All in all, I strongly agree that both jazz and hip-hop are manifestations of Black Art Only originally, though, they are black only at heart. While contemporary jazz has lost its black flavor, in hip-hop it can still be found in its street manifestations. They both played an important role, culturally speaking, and media has affected both of their trajectories in a way. For jazz, media worked wonders, the radio helped jazz become the metaphor for the American idea of democracy (Taylor, 1) of the beginning of the twentieth century. In addition, I do believe that the simple mentioning of the fact that the American Dialect Society named jazz the Word of the Twentieth Century says a lot about the strong impact it had on people everywhere. Needless to say, it influenced many other art forms, literary, visual and so on. Toni Morrisons novel Jazz, just to mention my favorite example, despite not even mentioning the word jazz apart from the title, is structured like jazz music and even the use of language has the same cadence as jazz music (Grandt). In the case of hip-hop, media both gave and took away. I feel this genre is a bit more problematic than jazz, probably also because it is a lot more recent. Despite hiding its true nature behind a white mask, hip-hop as it is still found in the streets also managed to inspire artists in other areas, filmmakers, graffiti artists and tattoo artists, just to mention a few. To sum up, perhaps categorizing art forms by color as mentioned in the title of the paper is not necessarily a good thing. Calling Black Art something which is not, however, can neither be good. Some distinction must be made between the original and what that meant for very many people, and the corrupted (either positively or negatively) replicas perpetuated by the images promoted by the media, or by unfounded imitations.

WORKS CITED

Gladney, Marvin J. "The Black Arts Movement and Hip-Hop." African American Review 29.2 (1995): 291-301. Print.

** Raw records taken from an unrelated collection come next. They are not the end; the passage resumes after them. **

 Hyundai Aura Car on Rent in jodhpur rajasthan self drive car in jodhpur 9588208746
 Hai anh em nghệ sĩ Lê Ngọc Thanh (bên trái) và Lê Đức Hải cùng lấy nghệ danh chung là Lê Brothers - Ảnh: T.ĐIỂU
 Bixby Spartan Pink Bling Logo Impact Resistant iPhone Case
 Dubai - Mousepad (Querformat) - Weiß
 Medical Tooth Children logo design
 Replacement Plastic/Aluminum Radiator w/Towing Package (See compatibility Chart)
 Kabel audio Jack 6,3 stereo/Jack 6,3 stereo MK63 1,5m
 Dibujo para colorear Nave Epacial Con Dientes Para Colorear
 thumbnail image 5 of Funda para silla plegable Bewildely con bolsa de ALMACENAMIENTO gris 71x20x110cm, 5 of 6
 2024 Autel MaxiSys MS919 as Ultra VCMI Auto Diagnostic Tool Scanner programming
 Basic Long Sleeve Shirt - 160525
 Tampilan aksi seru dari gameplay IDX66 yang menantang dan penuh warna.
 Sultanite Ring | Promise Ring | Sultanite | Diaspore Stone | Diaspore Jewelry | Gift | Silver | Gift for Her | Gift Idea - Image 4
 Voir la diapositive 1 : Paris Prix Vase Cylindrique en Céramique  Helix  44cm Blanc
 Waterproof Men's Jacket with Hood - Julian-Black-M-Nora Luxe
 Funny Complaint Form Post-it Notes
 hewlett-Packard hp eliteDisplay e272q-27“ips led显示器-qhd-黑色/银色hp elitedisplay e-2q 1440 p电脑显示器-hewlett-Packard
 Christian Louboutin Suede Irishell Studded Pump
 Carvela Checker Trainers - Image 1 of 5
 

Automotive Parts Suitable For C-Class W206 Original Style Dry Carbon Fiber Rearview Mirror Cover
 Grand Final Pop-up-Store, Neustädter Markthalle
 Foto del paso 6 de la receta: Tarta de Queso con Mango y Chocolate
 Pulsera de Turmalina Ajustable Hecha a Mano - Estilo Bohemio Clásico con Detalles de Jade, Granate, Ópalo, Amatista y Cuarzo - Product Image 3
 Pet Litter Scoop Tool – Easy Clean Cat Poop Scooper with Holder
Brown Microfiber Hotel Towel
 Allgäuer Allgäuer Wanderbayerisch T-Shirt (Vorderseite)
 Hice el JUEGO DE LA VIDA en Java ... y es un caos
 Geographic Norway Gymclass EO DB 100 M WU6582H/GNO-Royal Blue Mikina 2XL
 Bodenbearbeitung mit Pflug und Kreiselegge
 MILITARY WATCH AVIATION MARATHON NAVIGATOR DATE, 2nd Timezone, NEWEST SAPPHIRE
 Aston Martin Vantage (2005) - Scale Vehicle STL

Grandt, Jurgen E. "Kinds of Blue: Toni Morrison, Hans Janowitz, and the Jazz Aesthetic." African American Review 38.2 (2004): 303-12. Print.

Kennan, Tracy. Art and All That Jazz. Ed. Courtney Barrier. 1999. Web. <http://www.noma.org/educationguides/Jazz.pdf>.

Morrison, Toni. "Blues, Love and Politics." Interview by Cornel West. The Nation 24 May 2004: 18-28. Print.

Patterson Carney, Courtney. "Jazz and the Cultural Transformation of America in the 1920s." Diss. Louisiana State University, 2003. Jazz and the Cultural Transformation of America in the 1920s. Electronic Thesis and Dissertation Library. Web. 7 Apr. 2012. <http://etd.lsu.edu/docs/available/etd-1110103-161818/unrestricted/Carney_dis.pdf>.

Taylor, Billy. "Http://www.billytaylorjazz.com/Jazz.pdf." Web log post. Billy Taylor Jazz. Web. 7 Apr. 2012. <http://www.billytaylorjazz.com/Jazz.pdf>.

Vincent, Ted. "The Community That Gave Jazz to Chicago." Black Music Research Journal 12.1 (1992): 43-55. Print.